# Zeitplanung für JUnit-Tests?



## Verjigorm (5. Okt 2010)

Hallo,

ich habe grad folgendes Problem:

Ich soll 250 JUnit Tests realisieren und planen, wie lange diese dauern werden.
Die zu testenden Funktionen sind alle nicht sehr komplex. Um die Zeit zu schätzen habe ich mal einige Tests gemacht und auf die Uhr geschaut.
Für eine grobe Zeitschätzung hätte ich 20min pro JUnit-Test getippt.
TestFunktion anlegen, Test ausarbeiten, testen, eventuell Bugs fixen, Retest etc.

Nun ist das meinem Chef ddefinitiv zu lange für "simple" JUnit-Tests.
Meint ihr die Schätzung ist so ok, gibts da irgendwo irgendwelche groben Vorgaben/Guides/Planungen dazu? Oder habt ihr eigene Erfahrungen damit gemacht?

mfg Verjigorm


----------



## bygones (5. Okt 2010)

redest du hier vom alleinigen ausführen ?

dann sollten wir eher von 250sekunden reden.

redest du hier vom schreiben ?

dann hängst es von deinem Testkönnen, deiner Nähe zum testenden Code und der Testbarkeit des Codes ab.

da würde ich dann schonmal mann-Tage veranschlagen



> Nun ist das meinem Chef ddefinitiv zu lange für "simple" JUnit-Tests.
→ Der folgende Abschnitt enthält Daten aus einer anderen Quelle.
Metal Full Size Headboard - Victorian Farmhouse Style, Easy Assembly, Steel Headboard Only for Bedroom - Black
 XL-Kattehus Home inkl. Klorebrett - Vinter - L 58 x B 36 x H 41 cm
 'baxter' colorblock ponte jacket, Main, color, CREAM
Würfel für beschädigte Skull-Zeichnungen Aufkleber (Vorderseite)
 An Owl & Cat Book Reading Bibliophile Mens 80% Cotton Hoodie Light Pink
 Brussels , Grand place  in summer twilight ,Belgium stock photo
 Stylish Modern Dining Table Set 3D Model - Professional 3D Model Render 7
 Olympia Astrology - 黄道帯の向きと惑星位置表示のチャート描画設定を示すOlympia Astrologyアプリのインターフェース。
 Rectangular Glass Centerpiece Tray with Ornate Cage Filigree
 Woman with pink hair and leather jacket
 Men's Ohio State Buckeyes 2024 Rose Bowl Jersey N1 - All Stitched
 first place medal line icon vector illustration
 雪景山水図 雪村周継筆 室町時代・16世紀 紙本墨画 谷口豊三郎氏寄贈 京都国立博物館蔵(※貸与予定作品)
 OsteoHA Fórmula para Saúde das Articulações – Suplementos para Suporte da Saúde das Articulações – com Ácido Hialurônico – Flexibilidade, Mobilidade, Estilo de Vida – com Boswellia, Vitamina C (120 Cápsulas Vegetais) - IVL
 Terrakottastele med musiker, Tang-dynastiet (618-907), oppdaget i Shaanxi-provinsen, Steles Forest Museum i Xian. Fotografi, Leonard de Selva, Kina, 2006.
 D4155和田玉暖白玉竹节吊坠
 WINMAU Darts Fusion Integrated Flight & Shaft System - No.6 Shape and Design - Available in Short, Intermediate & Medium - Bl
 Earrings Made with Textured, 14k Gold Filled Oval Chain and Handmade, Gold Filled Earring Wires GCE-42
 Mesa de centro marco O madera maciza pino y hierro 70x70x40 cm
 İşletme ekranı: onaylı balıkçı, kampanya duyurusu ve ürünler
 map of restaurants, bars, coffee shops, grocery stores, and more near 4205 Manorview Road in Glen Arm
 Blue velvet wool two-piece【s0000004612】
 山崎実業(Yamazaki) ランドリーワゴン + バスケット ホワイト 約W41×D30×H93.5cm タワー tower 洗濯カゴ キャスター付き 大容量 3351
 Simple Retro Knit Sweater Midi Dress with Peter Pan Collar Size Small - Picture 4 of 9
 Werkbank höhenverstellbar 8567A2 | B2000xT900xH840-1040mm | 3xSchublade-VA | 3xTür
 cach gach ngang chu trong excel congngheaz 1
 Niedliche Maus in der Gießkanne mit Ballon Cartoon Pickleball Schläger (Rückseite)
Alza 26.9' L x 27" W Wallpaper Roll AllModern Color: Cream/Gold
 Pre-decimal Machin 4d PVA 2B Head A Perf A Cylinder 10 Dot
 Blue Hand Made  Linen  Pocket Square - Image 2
gibt ein paar möglichkeiten:

a) Chef hat keine Ahnung von Tests und für ihn ists einfach n simples gehacke
b) der Code ist so trivial dass Tests eher übertesten
c) der Code ist so gut geschrieben, dass er hervorragend testbar ist, dann ists wirklich simpel
d) Chef hat keine Ahnung von Tests und der Code ist typisches Wirrwarr.... dann brauchsts es nicht mal versuchen.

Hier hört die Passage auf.